The Houston Housing Authority (HHA) proposed mixed-income housing development is still drawing a divide with Galleria residents. Recently, many of the project’s supporters have taken the disagreement to new lows and by implying those standing in opposition are in favor of public segregation.

That just isn’t the case.

A recent article by Jon Henneberger, the co-director of Austin-based Texas Low Income Housing Service, referred to the very serious reality of overcrowding of Briargrove Elementary School as a mere inconvenience. However, most would agree that displacing a number of students zoned to Briargrove School and redistributing them to campuses across the district is more than an inconvenience.

The solution that many supporters, Henneberger included, offer to ease overcrowding is simple—more debt. In his article, Henneberger says the answer is “new bonds to fund additional elementary schools in growing neighborhoods.”

The argument has also been made that bringing students from low opportunity areas to Briargrove would be beneficial because of the diverse atmosphere.

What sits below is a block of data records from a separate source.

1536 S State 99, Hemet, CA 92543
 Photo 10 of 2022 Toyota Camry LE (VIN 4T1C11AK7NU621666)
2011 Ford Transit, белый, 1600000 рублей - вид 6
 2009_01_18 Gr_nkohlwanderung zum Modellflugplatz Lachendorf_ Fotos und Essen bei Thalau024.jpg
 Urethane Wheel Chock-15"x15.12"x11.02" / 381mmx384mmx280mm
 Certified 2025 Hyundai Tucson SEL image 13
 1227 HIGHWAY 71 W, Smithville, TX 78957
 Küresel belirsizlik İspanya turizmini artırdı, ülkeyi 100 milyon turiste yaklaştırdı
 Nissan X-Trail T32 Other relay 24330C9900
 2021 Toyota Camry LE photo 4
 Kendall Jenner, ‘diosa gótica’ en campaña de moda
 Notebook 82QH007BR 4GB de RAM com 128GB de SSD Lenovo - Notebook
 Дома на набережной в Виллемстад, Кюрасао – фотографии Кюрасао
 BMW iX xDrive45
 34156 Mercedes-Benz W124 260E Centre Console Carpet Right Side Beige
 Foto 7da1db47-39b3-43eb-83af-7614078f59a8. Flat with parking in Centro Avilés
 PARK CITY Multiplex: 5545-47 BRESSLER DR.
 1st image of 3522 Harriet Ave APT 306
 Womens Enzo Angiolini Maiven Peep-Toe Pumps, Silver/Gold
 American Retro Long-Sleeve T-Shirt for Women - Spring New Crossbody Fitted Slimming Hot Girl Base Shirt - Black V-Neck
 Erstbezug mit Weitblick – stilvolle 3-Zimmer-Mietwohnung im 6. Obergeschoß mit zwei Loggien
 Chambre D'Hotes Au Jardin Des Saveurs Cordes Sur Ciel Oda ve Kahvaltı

History has shown that throwing money at an issue without implementing reform rarely fixes the problem. Henneberger also fails to acknowledge that HISD taxpayers passed the largest school bond in Texas history just four years ago for that exact purpose, yet this problem of overcrowding persists.

Mark White Elementary is being built to absorb some of the overflow, but according to HISD that too will be at maximum capacity as soon as it opens. HISD estimates that between 60 and 70 zoned students would be displaced by this project.

Supporters of this project have yet to explain how increasing commute times for elementary aged children is in their best interest.

Another legitimate reason many are opposing this project is cost.

The Fountain View “affordable” housing complex is reportedly going to cost $270,000 per unit to build. Meanwhile, the building directly next door, 2626 Fountain View, has 281 units. Using its appraised value, the building has a per unit cost of only $135,000half that of the “affordable” housing complex.

Even if you adjust for the same number of units as 2640 Fountain View the unit next door would still only be $163,000 per unit, over one hundred thousand dollars per unit cheaper than HHA’s planned partially taxpayer-funded development.

Comparatively, 24Eleven Washington, a privately developed luxury apartment complex in Midtown only averages $216k per unit with 222 units. Why should the taxpayers pay for affordable housing that costs more per unit than that of luxury apartments in Midtown?

Supporters of the development argue that the opposition simply does not want low-income neighbors. However, little evidence has been provided to defend such an assertion.

Residents aren’t making the argument that mixed-income housing should be exclusively kept in low-opportunity neighborhoods. Rather, this project is being opposed because it is not an efficient use of taxpayer dollars and HHA officials ignored documented concerns of local elected officials who have opposed this project since its conception.

A brief conversation with Harvin Moore, the HISD trustee representing the area, shows there are several high-opportunity areas, with room for additional students that HHA has the opportunity to pick from. Despite such selection, the HHA still refuses to work with the representative bodies to determine a proper location.

Is there a need for affordable housing in Houston? Yes, but many taxpayers argue that 2640 Fountain View is not the answer.

Charles Blain

Charles Blain is the president of Urban Reform and Urban Reform Institute. A native of New Jersey, he is based in Houston and writes on municipal finance and other urban issues.